Shaded copper-constantan thermocouples measured the air temperature at a height of 1.5 m in the center of each greenhouse. Thermocouples immersed in sand and insulated in 15-mm glass tubes measured the root-zone temperature at a depth of 10 cm in the center of each trough. The air temperature and humidity in each greenhouse was also measured with electronic sensors (Omega HX93V, Omega Engineering, Stamford, CT). These sensors were read every minute by a data logger (Campbell Scientific CR10, Logan, UT), and averaged hourly and recorded. These recordings were used to calculate day and night temperatures, and the difference in mean temperature between the day and the following night (DIF). The day and night temperatures and DIF were averaged over each 2-wk growth interval.

Plant Material
The greenhouse tomato cultivars Buffalo and Caruso (Stokes Seed Co., Buffalo, NY) were germinated and grown in pots in a growth chamber and in a greenhouse for 8 wk. For the final week, they were acclimated to a 10°C temperature at night. Seedlings were transplanted into the experimental greenhouses on 4 Mar and 25 Mar 1994, and on 1 Mar and 29 Mar 1995. Before transplanting, the root medium was flushed with excess water, and powdered Dolomitic limestone was incorporated to adjust pH to 6.0. Plants were transplanted so the root ball was between the heating tubes, with 0.3 m between plants along the trough. Plants were watered automatically each day at 0800 h with a complete nutrient solution containing 20:4:16 N:P:K at 50 mg N L^-1 (Peat-lite special, WR Grace and Co., Cambridge, MA).

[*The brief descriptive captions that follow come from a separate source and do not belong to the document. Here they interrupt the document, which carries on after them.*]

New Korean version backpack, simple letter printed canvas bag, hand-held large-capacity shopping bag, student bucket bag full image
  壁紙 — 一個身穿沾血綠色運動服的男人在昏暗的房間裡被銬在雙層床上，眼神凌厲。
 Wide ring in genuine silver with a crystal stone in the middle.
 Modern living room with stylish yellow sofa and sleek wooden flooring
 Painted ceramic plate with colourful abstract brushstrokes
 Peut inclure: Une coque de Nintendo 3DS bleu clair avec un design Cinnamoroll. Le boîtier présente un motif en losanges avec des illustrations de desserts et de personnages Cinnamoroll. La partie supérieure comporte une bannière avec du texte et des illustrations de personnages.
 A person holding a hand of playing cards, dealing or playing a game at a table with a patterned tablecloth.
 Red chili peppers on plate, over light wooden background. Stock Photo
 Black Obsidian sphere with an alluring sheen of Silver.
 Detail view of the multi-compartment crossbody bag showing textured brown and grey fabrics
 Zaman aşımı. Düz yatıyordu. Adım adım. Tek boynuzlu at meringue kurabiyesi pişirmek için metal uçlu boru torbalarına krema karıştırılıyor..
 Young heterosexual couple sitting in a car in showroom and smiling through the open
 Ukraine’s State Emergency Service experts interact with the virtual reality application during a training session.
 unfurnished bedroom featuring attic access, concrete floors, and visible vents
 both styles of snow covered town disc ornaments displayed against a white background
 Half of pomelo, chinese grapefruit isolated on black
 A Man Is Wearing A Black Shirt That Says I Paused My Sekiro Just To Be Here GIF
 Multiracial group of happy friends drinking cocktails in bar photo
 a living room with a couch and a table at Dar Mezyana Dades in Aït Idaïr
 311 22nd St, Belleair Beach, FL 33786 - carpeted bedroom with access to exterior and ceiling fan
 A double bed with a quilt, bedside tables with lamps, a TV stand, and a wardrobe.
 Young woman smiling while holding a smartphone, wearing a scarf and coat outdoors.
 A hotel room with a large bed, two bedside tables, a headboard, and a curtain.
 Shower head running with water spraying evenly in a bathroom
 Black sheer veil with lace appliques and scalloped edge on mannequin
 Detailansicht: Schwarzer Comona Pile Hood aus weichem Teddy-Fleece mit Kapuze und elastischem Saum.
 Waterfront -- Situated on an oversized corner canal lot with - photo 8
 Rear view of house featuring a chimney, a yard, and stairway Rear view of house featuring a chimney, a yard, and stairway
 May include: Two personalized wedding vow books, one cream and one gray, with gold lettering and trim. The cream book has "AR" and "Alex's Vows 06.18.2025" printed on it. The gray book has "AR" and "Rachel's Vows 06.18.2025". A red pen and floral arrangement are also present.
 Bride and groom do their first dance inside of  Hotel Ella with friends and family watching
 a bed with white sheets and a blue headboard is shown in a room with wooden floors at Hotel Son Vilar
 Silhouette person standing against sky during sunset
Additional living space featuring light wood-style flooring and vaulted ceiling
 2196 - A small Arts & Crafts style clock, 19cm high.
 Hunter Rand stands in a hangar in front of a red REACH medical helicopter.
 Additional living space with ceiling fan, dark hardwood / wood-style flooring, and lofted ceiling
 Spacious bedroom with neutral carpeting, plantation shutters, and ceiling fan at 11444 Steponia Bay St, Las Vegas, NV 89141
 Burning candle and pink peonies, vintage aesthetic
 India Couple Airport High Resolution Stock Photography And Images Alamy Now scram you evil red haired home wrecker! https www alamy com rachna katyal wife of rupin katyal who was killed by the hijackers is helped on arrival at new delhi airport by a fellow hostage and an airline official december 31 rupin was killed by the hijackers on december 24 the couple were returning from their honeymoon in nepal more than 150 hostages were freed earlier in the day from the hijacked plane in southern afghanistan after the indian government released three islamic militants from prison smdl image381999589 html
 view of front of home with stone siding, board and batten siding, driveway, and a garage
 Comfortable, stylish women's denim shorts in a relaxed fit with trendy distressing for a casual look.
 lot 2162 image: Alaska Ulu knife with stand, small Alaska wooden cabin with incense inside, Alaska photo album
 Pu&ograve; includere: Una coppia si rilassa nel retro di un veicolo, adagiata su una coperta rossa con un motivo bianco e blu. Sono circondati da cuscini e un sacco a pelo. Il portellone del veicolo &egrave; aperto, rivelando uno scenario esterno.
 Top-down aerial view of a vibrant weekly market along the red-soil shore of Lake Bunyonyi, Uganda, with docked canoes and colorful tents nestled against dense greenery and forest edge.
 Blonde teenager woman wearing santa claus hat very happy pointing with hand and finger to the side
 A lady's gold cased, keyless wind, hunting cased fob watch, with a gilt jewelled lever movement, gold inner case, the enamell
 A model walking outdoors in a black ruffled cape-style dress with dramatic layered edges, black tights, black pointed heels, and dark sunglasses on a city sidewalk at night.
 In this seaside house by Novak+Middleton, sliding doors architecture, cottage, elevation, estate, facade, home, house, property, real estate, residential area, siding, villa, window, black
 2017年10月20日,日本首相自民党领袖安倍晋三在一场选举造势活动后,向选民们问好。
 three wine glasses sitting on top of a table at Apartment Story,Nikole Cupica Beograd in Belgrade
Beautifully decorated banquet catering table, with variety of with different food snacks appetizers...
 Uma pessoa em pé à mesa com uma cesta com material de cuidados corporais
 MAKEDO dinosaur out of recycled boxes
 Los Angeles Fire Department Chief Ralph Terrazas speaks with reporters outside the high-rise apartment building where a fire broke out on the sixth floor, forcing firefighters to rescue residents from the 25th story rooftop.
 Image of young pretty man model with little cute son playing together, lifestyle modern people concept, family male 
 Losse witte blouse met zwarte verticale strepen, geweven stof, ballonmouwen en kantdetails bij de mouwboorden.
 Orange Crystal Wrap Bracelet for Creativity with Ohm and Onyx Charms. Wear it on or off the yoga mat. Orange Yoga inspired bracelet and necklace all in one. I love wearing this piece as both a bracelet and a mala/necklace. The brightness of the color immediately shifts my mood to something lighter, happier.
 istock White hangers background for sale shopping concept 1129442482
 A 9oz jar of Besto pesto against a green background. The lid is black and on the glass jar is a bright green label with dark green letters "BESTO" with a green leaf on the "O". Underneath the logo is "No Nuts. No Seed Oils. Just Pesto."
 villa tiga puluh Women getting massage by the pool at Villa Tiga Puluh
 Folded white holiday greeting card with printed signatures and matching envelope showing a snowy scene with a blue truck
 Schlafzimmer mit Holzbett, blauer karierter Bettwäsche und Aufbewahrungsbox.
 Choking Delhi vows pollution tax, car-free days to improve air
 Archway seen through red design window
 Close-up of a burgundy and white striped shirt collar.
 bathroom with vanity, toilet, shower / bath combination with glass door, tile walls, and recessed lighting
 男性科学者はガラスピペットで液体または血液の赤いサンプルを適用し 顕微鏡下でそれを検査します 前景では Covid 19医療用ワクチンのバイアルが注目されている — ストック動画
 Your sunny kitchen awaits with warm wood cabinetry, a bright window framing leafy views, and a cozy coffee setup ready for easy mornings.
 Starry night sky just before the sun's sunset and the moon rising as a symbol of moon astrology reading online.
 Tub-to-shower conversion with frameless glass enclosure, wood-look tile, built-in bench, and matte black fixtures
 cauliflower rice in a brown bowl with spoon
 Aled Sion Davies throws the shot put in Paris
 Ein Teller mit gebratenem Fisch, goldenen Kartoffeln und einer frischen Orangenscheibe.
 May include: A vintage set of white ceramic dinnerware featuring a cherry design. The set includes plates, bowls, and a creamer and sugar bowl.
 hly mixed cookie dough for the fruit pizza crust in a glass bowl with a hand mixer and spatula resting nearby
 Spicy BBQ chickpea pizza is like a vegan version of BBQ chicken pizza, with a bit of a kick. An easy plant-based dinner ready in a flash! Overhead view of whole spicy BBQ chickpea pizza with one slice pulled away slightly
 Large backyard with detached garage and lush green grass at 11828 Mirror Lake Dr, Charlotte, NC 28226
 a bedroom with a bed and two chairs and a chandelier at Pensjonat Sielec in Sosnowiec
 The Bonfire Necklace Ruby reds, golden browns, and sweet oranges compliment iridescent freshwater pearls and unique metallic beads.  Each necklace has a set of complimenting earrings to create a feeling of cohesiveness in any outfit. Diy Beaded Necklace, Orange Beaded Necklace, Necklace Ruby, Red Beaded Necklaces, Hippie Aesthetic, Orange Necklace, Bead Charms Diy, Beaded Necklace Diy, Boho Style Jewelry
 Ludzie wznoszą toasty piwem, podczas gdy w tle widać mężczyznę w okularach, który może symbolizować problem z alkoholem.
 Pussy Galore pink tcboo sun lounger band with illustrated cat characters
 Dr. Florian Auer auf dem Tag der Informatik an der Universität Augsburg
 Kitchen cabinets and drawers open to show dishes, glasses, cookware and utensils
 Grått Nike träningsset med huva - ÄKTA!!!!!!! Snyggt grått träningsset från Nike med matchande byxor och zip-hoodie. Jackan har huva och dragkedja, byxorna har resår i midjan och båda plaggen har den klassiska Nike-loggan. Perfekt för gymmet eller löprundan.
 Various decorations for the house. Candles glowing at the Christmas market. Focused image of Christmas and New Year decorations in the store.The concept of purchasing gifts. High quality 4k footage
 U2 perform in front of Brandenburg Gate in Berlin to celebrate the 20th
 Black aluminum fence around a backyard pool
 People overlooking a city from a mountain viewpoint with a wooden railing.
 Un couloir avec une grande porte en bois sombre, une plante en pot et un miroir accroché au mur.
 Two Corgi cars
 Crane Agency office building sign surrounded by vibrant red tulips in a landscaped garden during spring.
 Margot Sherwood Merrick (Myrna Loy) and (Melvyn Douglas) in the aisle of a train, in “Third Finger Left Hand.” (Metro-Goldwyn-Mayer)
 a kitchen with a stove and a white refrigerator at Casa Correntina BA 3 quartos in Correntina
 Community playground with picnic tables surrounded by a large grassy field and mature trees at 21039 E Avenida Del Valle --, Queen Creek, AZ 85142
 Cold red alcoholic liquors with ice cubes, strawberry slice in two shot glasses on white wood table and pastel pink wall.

The plants were grown for 10 to 14 d after transplanting until they reached a size suitable for sampling. Plants were harvested between 1100 and 1200 h. Two plants were harvested from each sub-plot by removal of the entire root ball. The roots were washed clean in cold running water. The plants were put in paper bags, frozen on dry ice, and freeze dried. The dried plants were separated into roots, leaf blades, and stem with petioles. These parts were weighed, then ground to pass a 20-mesh sieve. Samples from the two replicate sub-plots were combined, and duplicate sub-samples of this four-plant sample were taken for nutrient analysis.

Nutrient Analysis
Elemental composition was determined in 250-mg samples of freeze-dried plant tissue that was digested in 4 mL of boiling H₂SO₄ to which 10 mL of H₂O₂ was added drop wise. The digested tissue was diluted with water to 100 mL. Colorimetric measurements assayed total nitrogen by Nessler reagent, and total phosphorus by molybdate reagent (Thomas et al., 1967). Other elements were determined by inductively coupled plasma spectrophotometry (Model Atomscan 16, Thermo Jarrell Ash, Franklin, MA). All values were expressed as a weight fraction on a dry weight basis.

Design and Analysis
The experimental design was a complete split-split-plot, with air DIF (greenhouses) as main plots, root heating (troughs) as sub-plots, and cultivar as sub-sub-plots. There were four greenhouses and four troughs in each house. All air heat x root heat x cultivar combinations were replicated in two greenhouses. In 1995, the locations corresponding to air DIF, cultivar, and planting were reversed compared with 1994, and troughs were randomly reassigned to root-heating regimes.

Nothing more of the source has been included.